No fue siempre así. Hay otra historia, que lamentablemente se escribe en otro idioma, en la que las condiciones naturales se imponen y se puede llegar a hablar, en algo tan voluptuoso y equívoco, de fábrica de talento. El cine español, es un tópico desagradable afirmarlo, languidece, pero no deja de ser un reflejo, igual que tantos, de la capitulación de España con la educación y con la cultura. Este país, y ya clamará la historia, ha despilfarrado su bienestar, con una apuesta obtusa, situada a medio camino entre el dinero fácil y la liberación patológica de un recorrido autoritario que duró demasiado tiempo.

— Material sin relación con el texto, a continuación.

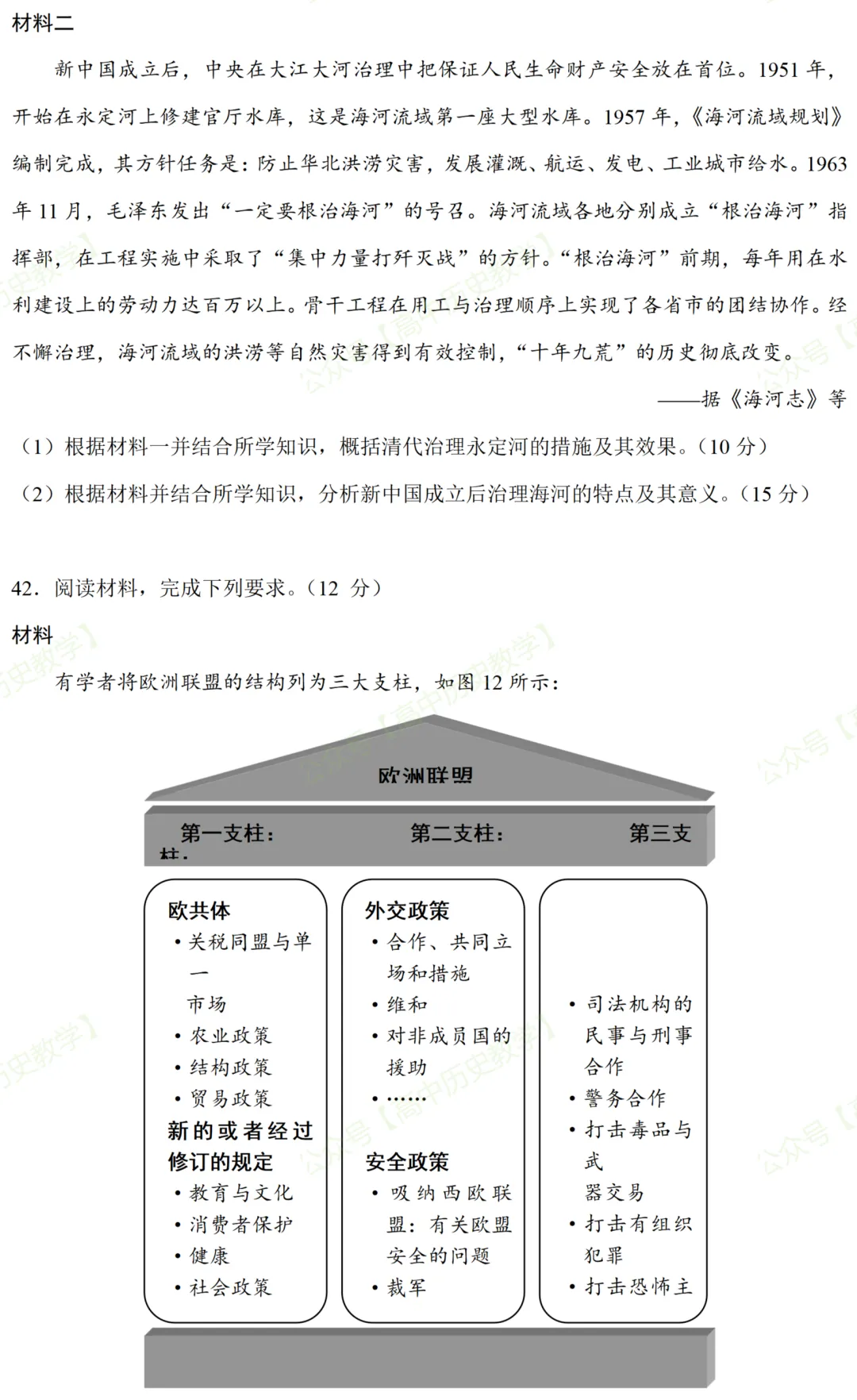 高考真题|2020年高考全国 Ⅱ卷(甲卷)历史试题和答案 第7张 高考真题|2020年高考全国 Ⅱ卷(甲卷)历史试题和答案 第7张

La educación, acaso el único bien imprescindible, ha estado sometida a la tortura inacabable de la marca territorial, de la marca religiosa, y el resultado es un pueblo endeble, torpe, con universidades que no garantizan siquiera el hecho elemental evolutivo de producir, cuanto menos, lectores. En España nadie lee; los universitarios, que en otra época trasteaban con Jameson y los postestructuralistas en adelante, en el mejor de los casos, se lanzan al bestseller, cuando no a los 140 caracteres, y los españoles recuperan su naturaleza gravosa, que hace más de tres décadas que tendría que haber abandonado y, además, sin ni siquiera mirar atrás: la de ejercer, culturalmente, de América Latina de los setenta, un lugar en que cualquier virtud, y son múltiples, responde al genio ocasional y a la excepción y no a un triunfo del sistema.

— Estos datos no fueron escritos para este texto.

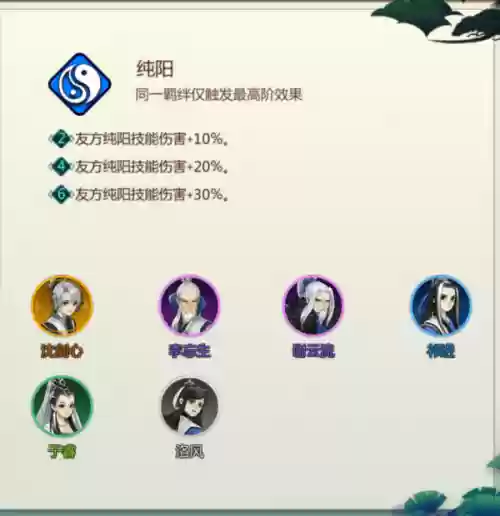 剑网1打架最强阵容是谁(剑网1归来适合长期玩的职业)插图14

En el cine, en la literatura, son minoría los que realmente tienen y quieren decir. Y eso es un fracaso nacional. Reanudamos los tiempos de Val del Omar, de Cernuda, de Lorca, de Galdós; la brillantez fuera de contexto, contra la adversidad. Con la salvedad imperdonable de que se dieron los medios, por primera vez, para superar esa inmemorial carencia. España ha hecho el ridículo. Y la culpa es de todos. Se ha dilapidado el verdadero capital. Ya todo es milagro o aflicción.